Direktor-Regisseur Nicolas JOEL ist mutig - man kann es auch verrückt nennen - große Wagner-Opern in einem kleinen Haus (weniger als 900 Sitze) zu spielen. Aber wenn es für einen "Ring" ausgeht, kann man sicher auch "Meistersinger" bringen! So hat sich das Capitole in Toulouse zur ersten Wagnerbühne Frankreichs entwickelt! In den "Meistersingern" sind die Probleme allerdings noch größer als im "Ring": große Massenszenen, wie die Prügelszene oder die Festwiese, auf einer relativ kleinen Bühne sind schwer zu realisieren, und weiter muß man ein riesiges Wagner-Orchester in dem kleinen Graben unterbringen. Nicolas Joel hat beide Probleme erfolgreich gelöst. Das Orchester war auf ca. 70 Personen beschränkt, und auf der Festwiese gab es etwas Gedränge, doch die Aufführung war katastrophenfrei.

Das realistische Konzept der Bühnenbildner Jean-Marie STEHLÉ und Antoine FONTAINE war ziemlich ungewöhnlich. Die beiden Kumpane sind ja nicht an ihrem ersten Versuch in dieser Richtung. Bereits vor vier Jahren gab es in Paris eine ähnlich inspirierte Ausstattung für "Die Fledermaus" und vor zwei Jahren einen in Afghanistan spielenden "Barbiere di Siviglia" von den beiden.

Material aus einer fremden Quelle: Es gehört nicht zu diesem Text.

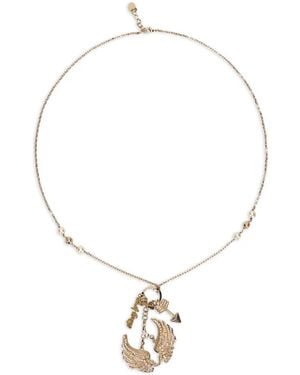 Red(V) Arrow Embellished Necklace - Metallic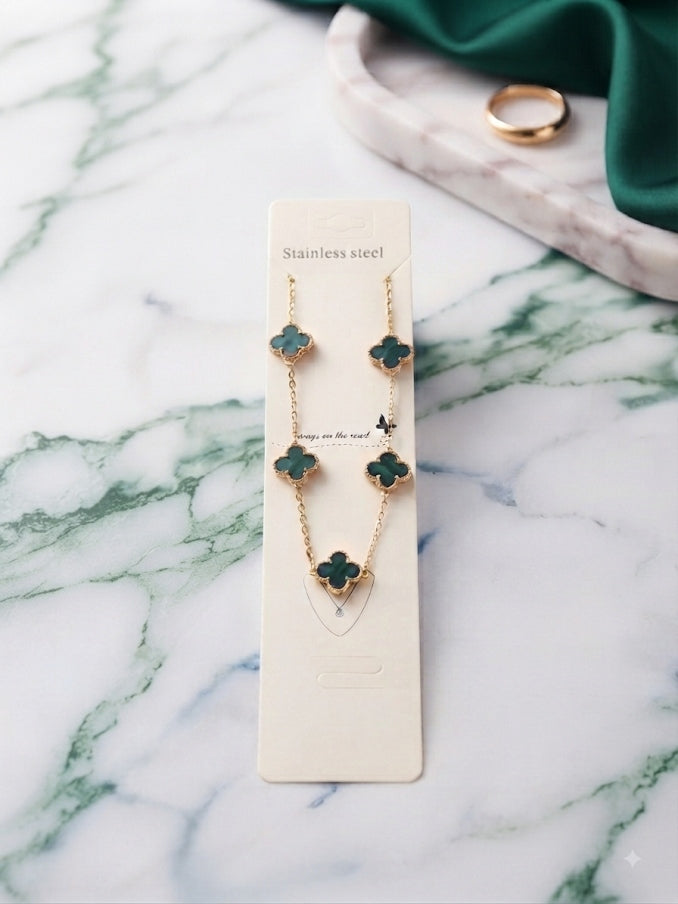 Collier 5 Trèfles Vert Malachite & Or - Acier Inoxydable 316L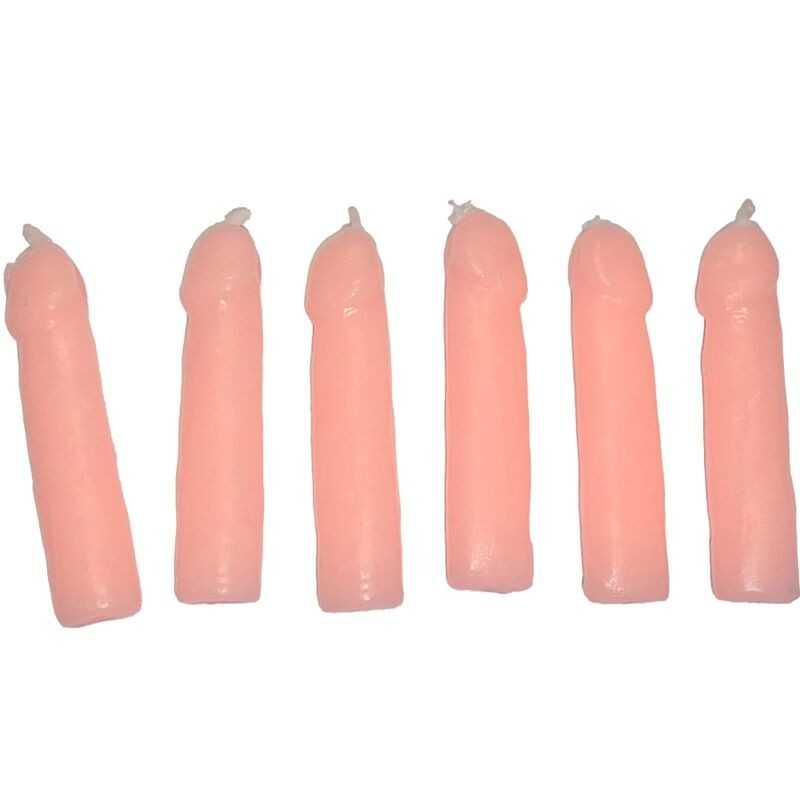 DIABLO PICANTE - 6 VELAS EM FORMA DE PÊNIS DE CARNE DIABLO PICANTE - 6 VELAS EM FORMA DE PÊNIS DE CARNE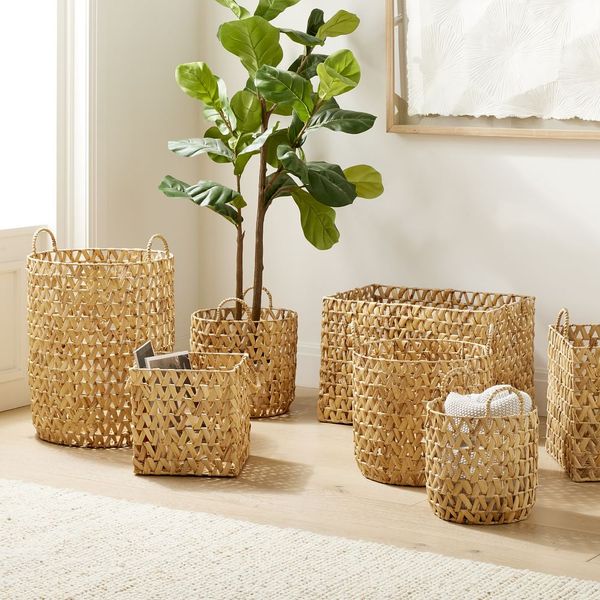 West Elm Open-Weave Zigzag Seagrass Baskets (Natural)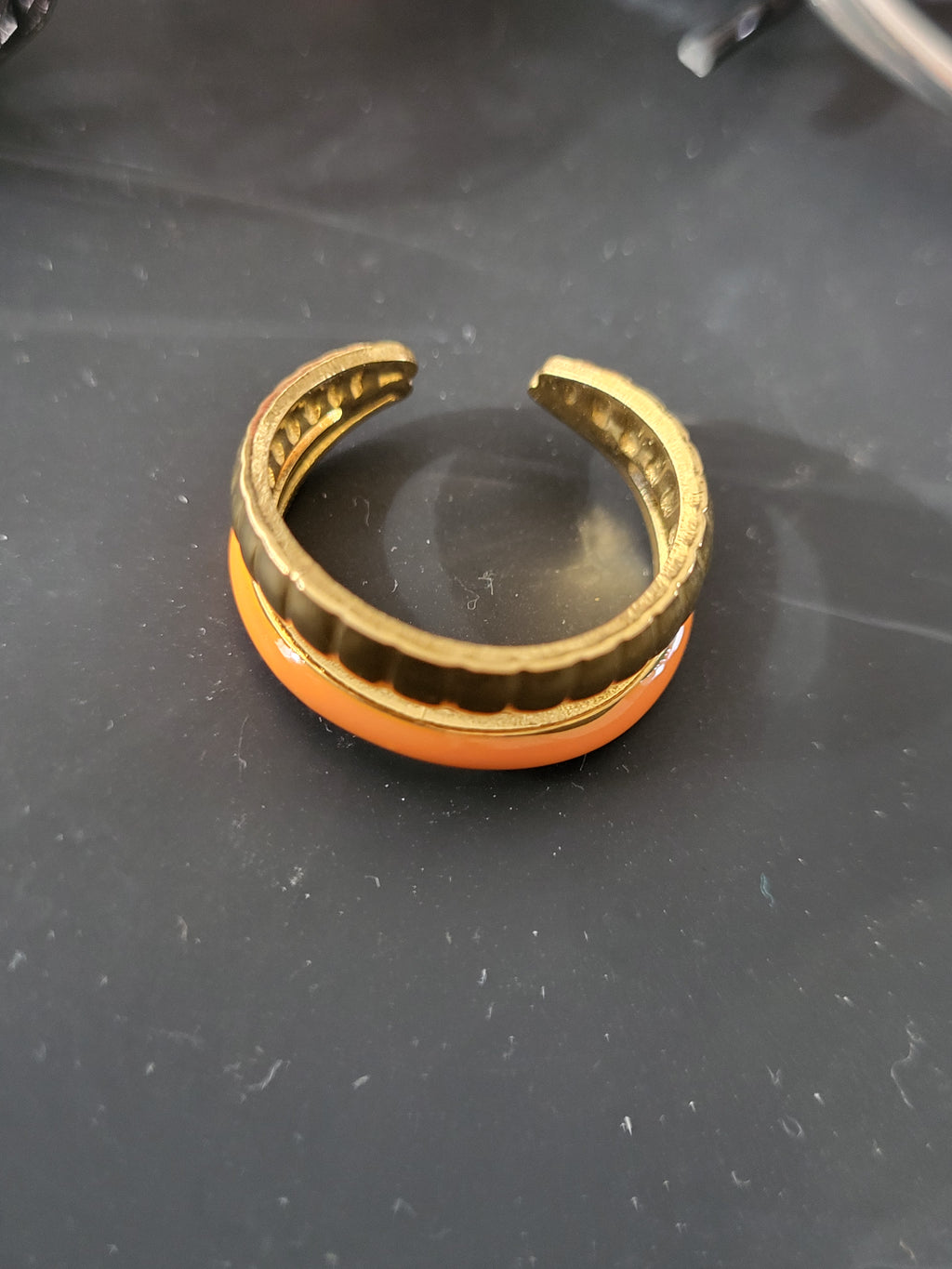 Bague ouverte acier inoxydable double anneau doré et orange
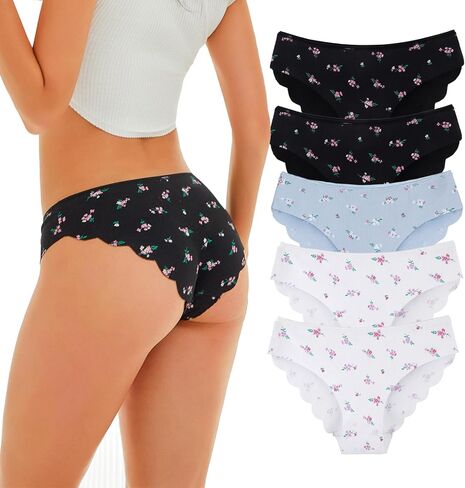 Seamless Underwear for Women Cotton Bikini Flower print Hipster Wavy Sides Invisibles Cheeky Panties 5 Pack in Saudi Arabia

Sie haben sicher zwischen Lübeck und Palermo, Lissabon und Krakau Ausschneide-Bogen der lokalen Sehenswürdigkeiten gesehen, die man zusammenkleben und dann auf einem Schrank verstauben lassen kann. Das war Nürnberg in Toulouse. Man fragt sich, weshalb diese bewußt im Stile des 19. Jahrhunderts, etwas verstaubt wirkende, gewollt "altdeutsche" Ausstattung aus Pappe? Als Anspielung auf die Spießigkeit der Nürnberger Gesellschaft? Oder als Protest gegen das Regietheater auf leerer Bühne oder die Ähnlichkeit zwischen der historischen Altstadt von Nürnberg und Toulouse? Denn die größte romanische Basilika Frankreichs steht nur 5 Minuten vom Capitole" entfernt, und mittelalterliche Backsteinhäuser gibt es in Hülle und Fülle rings herum (Deshalb der Name "La ville rose" für Toulouse).

Der Nachteil einer solchen Szenographie ist die Überladung der Bühne. Zumal im 1. Akt das Merker-Gewerk ein zweistöckiges Gestell war, wo der Merker auf einer Leiter hinaufklettern mußte! Die nützliche Fläche der Gasse des 2. Akts war auf ca. 30 qm beschränkt. In der Prügelszene wurde das so gelöst, daß die kreischenden Weiber zwei Stockwerke hoch in die Fenster verstaut wurden! Dafür waren die Kostüme (Gérard AUDIER) ca. 1860, d. h. aus der Zeit der Komposition der Oper, worüber man diskutieren kann. Die Damen trugen überladene, lange Kleider und verrückte Hüte. Das Kleid Evas im 3. Akt war ausgesucht kitschig. Die Meistersinger, in großen, halb bordeaux-roten, halb schwarzen Mänteln, sowie die "Mädchen aus Fürth" kamen auf Festkähnen die Pegnitz entlang auf die Festwiese vor einer riesigen Ansicht des mittelalterlichen Nürnberg. Nicolas Joel mußte in diesem engen Rahmen eine ungewöhnlich dichte und auf den Millimeter präzise Personenführung auf die Bühne stellen. Einige Kollegen könnten sich davon etwas abschauen!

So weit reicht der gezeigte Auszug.